Lo afferma la Commissione tributaria regionale del Lazio, nella sentenza n. 287/39/2010 dello scorso 4 marzo.
La vertenza traeva origine da una ripresa effettuata nei confronti di una nota azienda esercente il commercio di motoveicoli nel Cassinate basata, in maniera prevalente, sulle risultanze degli studi di settore. I giudici provinciali avevano, di fatto, disapplicato gli studi di settore confermando però parzialmente la ripresa sulla constatazione che il reddito dichiarato dalla società non potesse comunque essere inferiore a quello corrisposto al proprio dipendente più «modesto».
La Commissione regionale del Lazio - sezione staccata di Latina - ha invece accolto l'appello del contribuente affermando un interessante principio di economia aziendale applicato al diritto tributario.

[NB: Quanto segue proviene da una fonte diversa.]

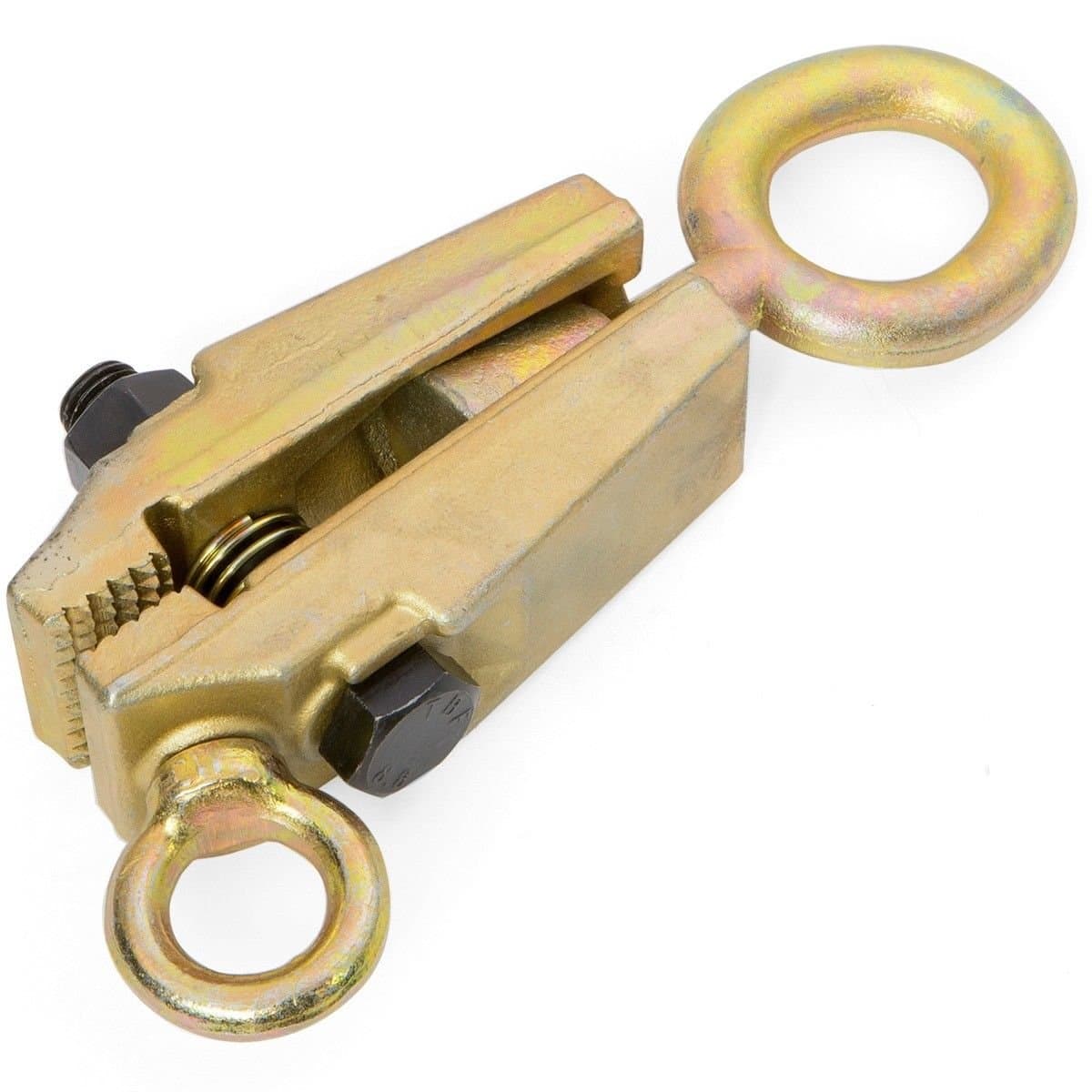 - XtremepowerUS 5 Ton 2 Way Auto Body Clamp for Top & Straight Collision Repair Tool Kit, Self-Tightening Frame Pull Clamp Grips Car Bodywork, Pulling Capacity 5T (Straight) & 3T (Cross)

La censura operata dai giudici regionali alla sentenza appellata risiede nella circostanza che «esiste una differenza sostanziale tra la posizione di un lavoratore dipendente (fattore a remunerazione contrattuale) e una società imprenditore (fattore a remunerazione residuale); infatti il compenso di un lavoratore dipendente rientra tra i costi di gestione, è prioritario rispetto alla remunerazione residuale e sussiste anche se l'azienda chiude in perdita». Da questo discende l'illegittimità riscontrata dalla Commissione nell'effettuare un paragone tra le diverse posizioni reddituali dell'imprenditore e del dipendente, rideterminando l'una sulla base dell'altra. Il lavoratore dipendente, infatti, vanta una remunerazione legittimata dall'esistenza di un contratto, per cui egli percepisce - legittimamente - il proprio compenso anche se l'imprenditore non produce affatto utili.